“Winning is a habit. Watch your thoughts, they become your beliefs. Watch your beliefs, they become your words. Watch your words, they become your actions. Watch your actions, they become your habits. Watch your habits, they become your character.” Margaret Thatcher in The Iron Lady
i fell asleep briefly during the movie. it wasn’t that the movie was boring – i was, as evident in the number of times i’ve fallen asleep during a movie recently, incredibly worn out. i fell asleep for a little more than a while during “the descendants”, felt asleep for a little lesser than a while during “moneyball”. the lesson learnt? do not watch movies at 11.30pm after a long day at work. one year short of turning 30, i really should refrain from pushing myself unnecessarily. the older one gets, the more important rest becomes.
since the beginning of 2012, establishing routines and forming habits has been one of my bigger priorities for they are the foundations of achieving greater things in life. with age, it is easier to stick to a routine, easier to be more disciplined, easier to get moving and procrastinate less. perhaps, age brings more clarity on what you should focus on and being wiser means you’re even more receptive to new ideas and solutions to getting through to the next chapter in your life.
everything that i have and know now is accumulated from the lost and distracting years of my early twenties. i have made numerous mistakes, turned my back on good advises, be fickle and uncommitted towards most aspects of my personal life. from time to time, i made efforts to better my personal aspirations but i usually am not motivated enough to carry it through. work was by far the easier aspect of my life because i gladly allowed it to consumed most of me – i couldn’t think of anything easier to focus on. for some odd reason, i never could apply the same motivation for work to my personal life until late last year.
i attribute the change to a few reasons:-
1. i broke free from an emotionally draining bad habit. walking away gave me strength to start focusing on my life.
2. the presence of charlene. both of us have a long list of goals to achieve but the difference between us? she worked on achieving it and i talked about it.

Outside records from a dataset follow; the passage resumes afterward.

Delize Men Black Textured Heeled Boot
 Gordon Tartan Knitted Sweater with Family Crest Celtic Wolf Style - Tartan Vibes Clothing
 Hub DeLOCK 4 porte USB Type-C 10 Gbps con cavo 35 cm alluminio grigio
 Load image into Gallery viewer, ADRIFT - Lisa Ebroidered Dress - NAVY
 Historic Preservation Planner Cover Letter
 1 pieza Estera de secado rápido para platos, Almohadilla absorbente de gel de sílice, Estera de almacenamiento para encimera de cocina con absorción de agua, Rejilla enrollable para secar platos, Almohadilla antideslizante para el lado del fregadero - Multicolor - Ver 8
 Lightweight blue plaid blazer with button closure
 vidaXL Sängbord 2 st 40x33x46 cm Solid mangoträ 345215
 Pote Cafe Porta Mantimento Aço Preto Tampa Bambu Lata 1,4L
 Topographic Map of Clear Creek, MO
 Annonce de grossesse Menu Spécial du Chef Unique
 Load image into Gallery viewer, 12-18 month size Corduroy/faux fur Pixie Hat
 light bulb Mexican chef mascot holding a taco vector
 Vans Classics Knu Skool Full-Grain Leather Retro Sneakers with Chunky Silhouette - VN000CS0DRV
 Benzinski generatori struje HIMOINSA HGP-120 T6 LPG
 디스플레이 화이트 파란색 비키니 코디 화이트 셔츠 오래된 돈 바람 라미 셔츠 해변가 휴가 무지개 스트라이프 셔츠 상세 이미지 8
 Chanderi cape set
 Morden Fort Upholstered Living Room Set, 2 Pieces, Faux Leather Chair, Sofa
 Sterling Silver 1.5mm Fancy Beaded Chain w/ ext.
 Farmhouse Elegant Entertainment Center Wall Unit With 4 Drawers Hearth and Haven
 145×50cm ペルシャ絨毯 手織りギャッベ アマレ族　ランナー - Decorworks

3. the presence of ms prissy. she is 12 years older than me and often uses her current situation as a real life example for me to not learn from.
between now and the last time i blogged about my resolutions, i have:-
> finished reading 3 books and have started on the 4th. my readings happened during the journey to and from work but i realised i didn’t enjoying carrying a book around. the 4 feb edition of “the economist” caught my eye when i was at the bookstore – i bought it because i wanted to read about the coverage on the facebook. surprise #1 – i actually read the business magazine from the beginning to the end. surprise #2 – i thoroughly enjoyed it. i never knew world affairs could be funny. since the local newspaper turns me off and i generally find it hard to read any news online because i never know where to start, i have started the habit of reading “the economist” during my 3 hours journey to and from work – it’s light, it’s foldable and unlike the traditional newspaper, it doesn’t dirty my fingers or bore me to tears. the short time before sleep are spent with my books and the frivolous times in between are on fashion magazines and old copies of nat geo. i think this covers resolution #3 very well.
> painted my toe nails every other week. 2012 is the year to say no to pedicure packages. every single other beauty products are put to use too – some have been included as a routine while some have not. habits are an on-going effort. my wardrobe has been re-constructed, not entirely but enough to keep it fresh for a while. colours, dresses and heels are now a part of me. i would consider resolution #5 a success.
> woke up before 8am on sunday mornings to work on my personal life. for the first time in my entire life, i actually have a budget for the year. looking at it renewed my focus for the 2012 because my resolutions (to be very accurate, they were probably like plans than resolutions), however wonderful it was, required me to have a lot of time and a lot of money, both of which i do not have too much to spare. nothing concrete in the new plans but it’s definitely shaping up to something more focused and more alone the lines of the resolution #1 of taking care of my health. that has got to be the foundation of life, aint’ it? i’ve kept to the habit of eating vitamins every morning and drinking at least 1.5 litres of water everyday (it’s harder during the weekends) and i’m sure there’s more good habits to adopt like sleeping before 11.30pm instead of blogging here at 12.20am.
am heading to bed now. here’s wishing a good week for everyone.
i feel contented today. i guess progress is a really satisfying feeling.